ESG Insights – Você acredita que essa dificuldade de mensuração de dados e divulgação de relatórios mais robustos pode acabar mascarando os resultados e impactos de práticas de diversidade?  

Erika Vaz – Quando não se tem dados ou eles estão subnotificados, sabemos que isso afeta diretamente na capacidade da empresa continuar desenvolvendo esse tipo de ação.  

“A velocidade com que ela [a pauta] avança no nível de exigência de dados não é a mesma velocidade em que as empresas são capazes de mensurar e reportar” 

A diversidade tinha que ser uma das pautas mais vivas e investidas pelo RH, só que a velocidade com que ela avança no nível de exigência de dados não é a mesma velocidade em que as empresas são capazes de mensurar e reportar.  

Outro cenário que temos é no caso de organizações que não conseguem fazer isso de uma forma correta e às vezes você acabam apresentando um dado que não necessariamente se verifica. Isso pode prejudicar muito a pauta.  

Falando de impacto de diversidade em inovação e cultura, você não pode simplesmente pegar um período em que a empresa não performou bem financeiramente e vincular aquilo às pautas de diversidade. É completamente equivocado fazer essa associação. 

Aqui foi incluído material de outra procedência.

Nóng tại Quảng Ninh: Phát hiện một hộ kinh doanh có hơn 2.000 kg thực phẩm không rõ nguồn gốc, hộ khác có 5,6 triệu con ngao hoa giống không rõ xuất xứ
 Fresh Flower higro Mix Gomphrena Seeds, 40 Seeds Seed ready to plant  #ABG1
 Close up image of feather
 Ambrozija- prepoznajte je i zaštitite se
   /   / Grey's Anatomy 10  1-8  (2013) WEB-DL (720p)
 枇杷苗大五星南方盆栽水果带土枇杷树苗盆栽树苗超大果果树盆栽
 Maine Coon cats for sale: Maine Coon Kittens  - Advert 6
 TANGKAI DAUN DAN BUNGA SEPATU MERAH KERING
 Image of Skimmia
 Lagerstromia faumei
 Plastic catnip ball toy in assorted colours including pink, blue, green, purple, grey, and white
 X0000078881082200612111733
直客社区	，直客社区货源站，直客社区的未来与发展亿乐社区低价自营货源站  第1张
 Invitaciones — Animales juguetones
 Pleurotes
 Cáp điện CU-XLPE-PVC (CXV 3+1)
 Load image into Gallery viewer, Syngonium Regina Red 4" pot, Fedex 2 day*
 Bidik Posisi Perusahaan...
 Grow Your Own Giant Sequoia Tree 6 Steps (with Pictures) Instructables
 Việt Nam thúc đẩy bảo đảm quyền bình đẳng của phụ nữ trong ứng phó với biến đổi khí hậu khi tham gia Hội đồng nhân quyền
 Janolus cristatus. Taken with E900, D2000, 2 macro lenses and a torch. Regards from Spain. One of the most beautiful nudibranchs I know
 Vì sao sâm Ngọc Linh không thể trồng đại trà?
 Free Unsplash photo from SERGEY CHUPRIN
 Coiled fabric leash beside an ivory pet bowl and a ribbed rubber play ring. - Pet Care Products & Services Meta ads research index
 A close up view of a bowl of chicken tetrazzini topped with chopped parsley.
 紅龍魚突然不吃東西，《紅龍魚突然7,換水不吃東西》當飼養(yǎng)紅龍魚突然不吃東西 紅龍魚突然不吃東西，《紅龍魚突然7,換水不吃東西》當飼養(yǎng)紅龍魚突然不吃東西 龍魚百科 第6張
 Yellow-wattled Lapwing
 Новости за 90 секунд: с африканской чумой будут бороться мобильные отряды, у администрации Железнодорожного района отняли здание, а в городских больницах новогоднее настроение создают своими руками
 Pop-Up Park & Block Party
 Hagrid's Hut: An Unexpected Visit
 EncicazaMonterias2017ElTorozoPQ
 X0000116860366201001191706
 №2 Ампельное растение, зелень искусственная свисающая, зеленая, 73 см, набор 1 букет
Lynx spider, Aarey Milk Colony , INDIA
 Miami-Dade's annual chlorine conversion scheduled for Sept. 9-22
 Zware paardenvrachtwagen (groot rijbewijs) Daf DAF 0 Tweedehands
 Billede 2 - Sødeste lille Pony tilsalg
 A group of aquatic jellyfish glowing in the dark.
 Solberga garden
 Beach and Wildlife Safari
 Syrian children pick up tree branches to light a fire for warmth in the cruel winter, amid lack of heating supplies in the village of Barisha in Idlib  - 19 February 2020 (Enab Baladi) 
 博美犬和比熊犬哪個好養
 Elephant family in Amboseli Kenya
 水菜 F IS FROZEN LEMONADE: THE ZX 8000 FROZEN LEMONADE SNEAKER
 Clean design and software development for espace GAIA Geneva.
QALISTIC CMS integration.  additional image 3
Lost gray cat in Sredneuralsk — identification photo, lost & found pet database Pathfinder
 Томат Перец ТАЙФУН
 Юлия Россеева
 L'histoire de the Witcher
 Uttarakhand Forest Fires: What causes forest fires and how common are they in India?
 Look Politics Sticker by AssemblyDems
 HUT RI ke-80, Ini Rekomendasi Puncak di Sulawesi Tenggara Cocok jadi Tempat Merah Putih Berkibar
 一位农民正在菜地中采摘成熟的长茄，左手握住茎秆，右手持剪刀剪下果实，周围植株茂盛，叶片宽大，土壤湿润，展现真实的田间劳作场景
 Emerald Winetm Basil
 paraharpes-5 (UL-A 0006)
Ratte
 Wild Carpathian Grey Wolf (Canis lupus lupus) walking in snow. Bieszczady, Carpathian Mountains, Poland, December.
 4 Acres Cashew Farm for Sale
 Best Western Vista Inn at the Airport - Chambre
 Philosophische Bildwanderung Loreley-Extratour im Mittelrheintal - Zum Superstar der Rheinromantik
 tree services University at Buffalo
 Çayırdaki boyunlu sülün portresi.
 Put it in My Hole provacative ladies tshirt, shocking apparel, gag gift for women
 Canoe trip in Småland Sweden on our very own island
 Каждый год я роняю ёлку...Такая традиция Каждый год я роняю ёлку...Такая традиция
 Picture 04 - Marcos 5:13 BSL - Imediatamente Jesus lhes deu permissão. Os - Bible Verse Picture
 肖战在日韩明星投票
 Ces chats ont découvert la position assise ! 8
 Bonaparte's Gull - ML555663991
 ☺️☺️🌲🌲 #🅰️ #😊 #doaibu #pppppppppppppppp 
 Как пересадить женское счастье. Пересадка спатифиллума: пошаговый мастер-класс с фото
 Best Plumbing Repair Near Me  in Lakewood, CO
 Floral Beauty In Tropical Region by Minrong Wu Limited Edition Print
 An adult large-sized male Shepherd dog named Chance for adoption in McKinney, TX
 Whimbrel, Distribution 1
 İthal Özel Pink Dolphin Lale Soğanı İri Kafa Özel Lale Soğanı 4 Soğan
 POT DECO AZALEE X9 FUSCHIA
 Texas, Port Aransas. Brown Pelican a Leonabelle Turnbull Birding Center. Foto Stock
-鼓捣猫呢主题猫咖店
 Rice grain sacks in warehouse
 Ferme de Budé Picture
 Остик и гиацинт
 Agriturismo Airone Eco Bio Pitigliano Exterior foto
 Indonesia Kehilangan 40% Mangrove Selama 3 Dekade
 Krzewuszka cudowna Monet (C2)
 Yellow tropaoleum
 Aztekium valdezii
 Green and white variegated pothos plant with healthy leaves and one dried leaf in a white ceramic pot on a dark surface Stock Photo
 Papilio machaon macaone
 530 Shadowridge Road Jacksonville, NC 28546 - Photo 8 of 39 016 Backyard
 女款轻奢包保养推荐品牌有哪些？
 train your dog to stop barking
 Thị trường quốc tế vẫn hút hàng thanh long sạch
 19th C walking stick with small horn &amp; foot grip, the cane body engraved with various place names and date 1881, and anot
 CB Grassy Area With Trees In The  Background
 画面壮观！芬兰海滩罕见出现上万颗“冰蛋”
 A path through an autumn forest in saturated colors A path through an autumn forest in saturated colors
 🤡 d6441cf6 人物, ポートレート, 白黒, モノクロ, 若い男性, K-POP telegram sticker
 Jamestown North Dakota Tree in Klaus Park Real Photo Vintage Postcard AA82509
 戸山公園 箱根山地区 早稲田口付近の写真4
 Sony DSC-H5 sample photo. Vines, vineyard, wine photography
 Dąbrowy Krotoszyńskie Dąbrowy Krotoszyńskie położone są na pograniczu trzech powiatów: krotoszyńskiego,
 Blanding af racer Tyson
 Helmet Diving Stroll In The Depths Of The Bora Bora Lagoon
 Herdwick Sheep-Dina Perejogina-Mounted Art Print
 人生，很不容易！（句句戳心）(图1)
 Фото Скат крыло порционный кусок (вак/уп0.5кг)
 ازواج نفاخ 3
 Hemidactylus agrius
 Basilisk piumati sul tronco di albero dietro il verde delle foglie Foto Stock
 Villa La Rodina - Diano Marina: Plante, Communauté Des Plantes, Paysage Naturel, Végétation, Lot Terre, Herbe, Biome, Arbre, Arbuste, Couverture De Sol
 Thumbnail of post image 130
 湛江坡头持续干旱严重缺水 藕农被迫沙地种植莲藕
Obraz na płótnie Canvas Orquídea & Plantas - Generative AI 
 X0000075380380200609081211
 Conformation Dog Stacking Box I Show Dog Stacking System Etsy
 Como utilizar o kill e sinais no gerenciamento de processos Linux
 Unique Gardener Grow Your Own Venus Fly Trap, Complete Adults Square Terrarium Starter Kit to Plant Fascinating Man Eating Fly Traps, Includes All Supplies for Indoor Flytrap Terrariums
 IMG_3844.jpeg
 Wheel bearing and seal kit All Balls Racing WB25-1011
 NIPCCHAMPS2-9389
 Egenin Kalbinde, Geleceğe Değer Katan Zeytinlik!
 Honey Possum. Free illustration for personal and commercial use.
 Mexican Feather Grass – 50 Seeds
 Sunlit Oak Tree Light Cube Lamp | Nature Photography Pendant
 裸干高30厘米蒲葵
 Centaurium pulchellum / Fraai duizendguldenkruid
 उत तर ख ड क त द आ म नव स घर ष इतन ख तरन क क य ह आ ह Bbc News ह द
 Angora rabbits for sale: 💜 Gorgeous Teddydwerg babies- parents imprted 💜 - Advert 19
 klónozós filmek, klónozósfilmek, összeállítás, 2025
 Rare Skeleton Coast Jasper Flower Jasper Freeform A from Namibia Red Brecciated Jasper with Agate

Tem muitas empresas, por exemplo, que não conseguem mapear de forma profunda a orientação sexual das pessoas. Se em uma pesquisa 30% ou 40% disserem que preferem não responder sobre o tema, não é correto você afirmar que tem pouquíssimas pessoas LGBT na empresa e, por isso, não precisa focar nessa pauta. Já está subnotificado, o seu dado não é o mais confiável.